People often catch the travel bug during their years as a student in college. For some, studying abroad in a country gives them the freedom they had been looking for, the complete change in culture they had been yearning to experience, and the feeling of excitement they were seeking from a new adventure. Many other students choose to head out into the unknown by packing a bag, grabbing a water bottle
and map, and backpacking across Europe for a few weeks or months until they miss their parents’ home cooked meals, sleeping in their own beds, or just having clean clothes.
If you’re one of those adventurous ones who wants to hit the road and backpack through Europe, you might want to do some research and plan out your route before you take on such a big adventure. Here are a few tips to consider when planning your backpacking trip to another continent:
Tip 1 – Choose the right backpack
Make sure you get a bag that can withstand all of the everyday wear and tear of your trip along with all types of weather. Its got to be comfortable, sturdy, and most importantly large enough to hold all of your belongings (and souvenirs!)
Tip 2 – Pack lightly
Remember that you only have one little bag to carry all of your stuff for the next few weeks. A good rule of thumb to follow is to pack once, then dump it all out and pack again, this time eliminating about ¼ to ½ of your original fill. Label things as “Must-have” and “Maybe” and only bring the “Maybe” items if you have some extra room…I think it’s safe to say that you probably won’t.
3 – Have your passport (and visa, if needed) ready at least 3 months ahead of time
If you’ve never gotten a passport before, you can file for one at your local state or federal court house or pick up an application at most post offices. Passports usually cost around $110 ($97 for the passport and a few extra bucks for the photos) and because they are in such high demand, they can take months to receive, so be sure to file early!
If you already have a passport, make sure that it is valid at least 6 months after you plan to arrive back in the U.S.
Make a photocopy of your passport and/or visa before you leave. It’s probably not the best idea to carry this with you at all times when you’re abroad, as there are many pick-pocketers that target travelers and tourists. Since this is your key into and out of countries and back to the U.S., it is wise to keep this in a safe spot (not in the front pocket of your bag). Lock it up in your hotel/hostel room and only carry the copy with you when you are out and about exploring the town.
4 – Photocopy your documents and leave the copy with family or friends at home
Before you leave on your trip, make a photocopy of your passport, visa, flight and hotel/hostel information, or any other important details or itinerary that will be part of your trip. If something should happen or you lose or have your passport stolen, there will be someone back home with all of your documents and can know where you are.
5 – Use student travel websites or companies to book your flights
Probably the biggest expense you will have for your trip is the airfare to and from Europe. Companies dedicated to student travel usually offer the best rates around, so definitely check those out before turning to other travel agencies or websites. Note that the cheapest places to fly in and out of are London, Zurich, Frankfurt, and Amsterdam, so try to plan to arrive and leave from these ports.
6 – Money matters
A safe budget to follow is about $60-$75 per day that you will be traveling.
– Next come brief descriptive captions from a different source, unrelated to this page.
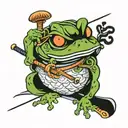 samurai frog tattoo design idea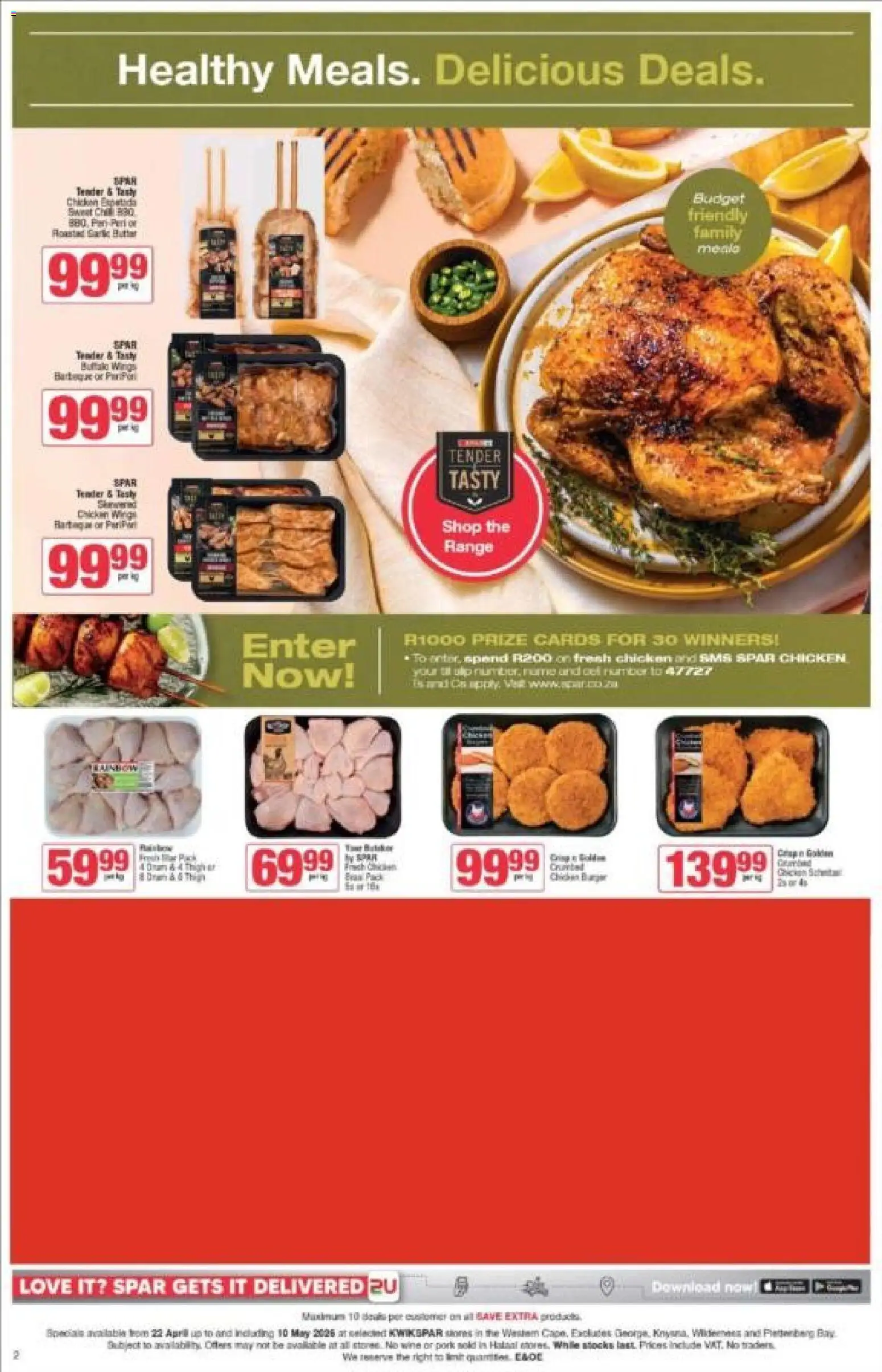 New KWIKSPAR catalogue – valid from 22.04.2026 | Page: 2 | Products: Socks, PC, Chicken, Pork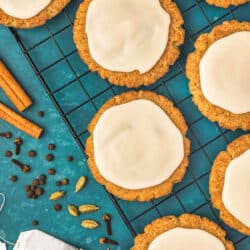 taylor swift chai cookies on a cooling rack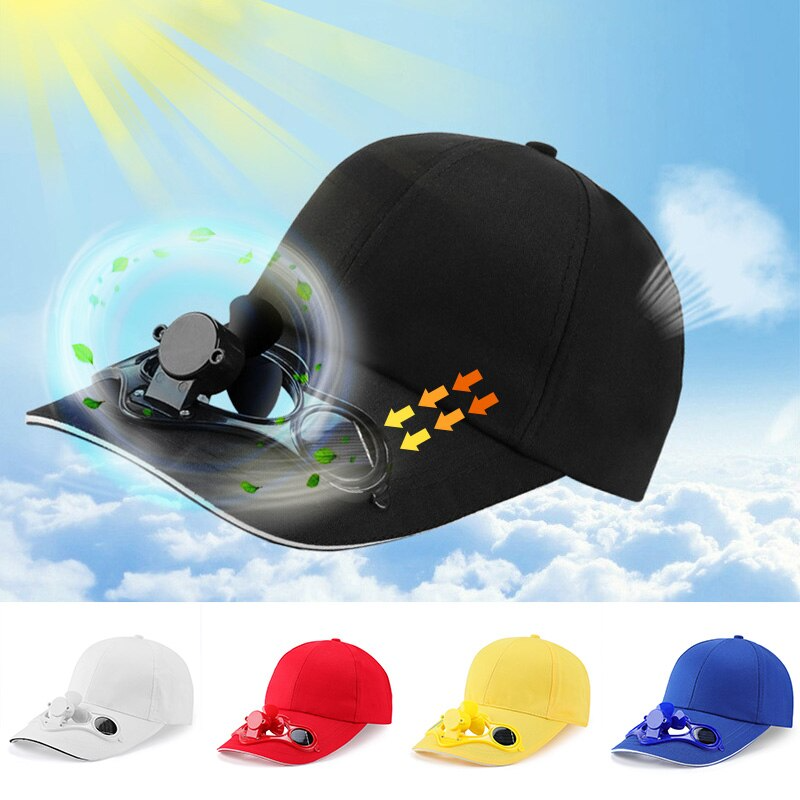 Solar-Powered Fan Baseball Hat — Structured Crown, Integrated Head Cooling Motor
That might seem like a lot, but if you consider meals, hotels/hostels, travel, and souvenirs, you can see how all of that can quickly add up. While it’s a good idea not to carry too much cash with you at one time, you also need to be aware of ATM and international banking fees. Definitely stop in or call your bank in the U.S. and see what their rates are and if you will be charged for each transaction. If you need to use an ATM while abroad, it might be a good idea to take out a larger sum of money all at once so you don’t have to keep visiting the machine every day and rack up charges.
It’s also a good idea to give your bank written notice of your consent to let someone back home access your accounts while you’re away. If, for some reason, your card is not working or you need more money deposited in your account, having someone already authorized to do it for you will save you a lot of time and hassle.
Another tip: exchange some of your dollars into Euros before you leave, but note that the airport is not the best place to do this, as their exchange rates are quite high. Some major banks have international fare available for exchange as well as some companies like AAA.
These are just a few of the many tips for future backpackers ready to hop across the pond to explore Europe, but there are a lot of great websites with important tips and words of advice from other backpackers, so definitely do some research online before you go. What are you waiting for? Start planning your trip!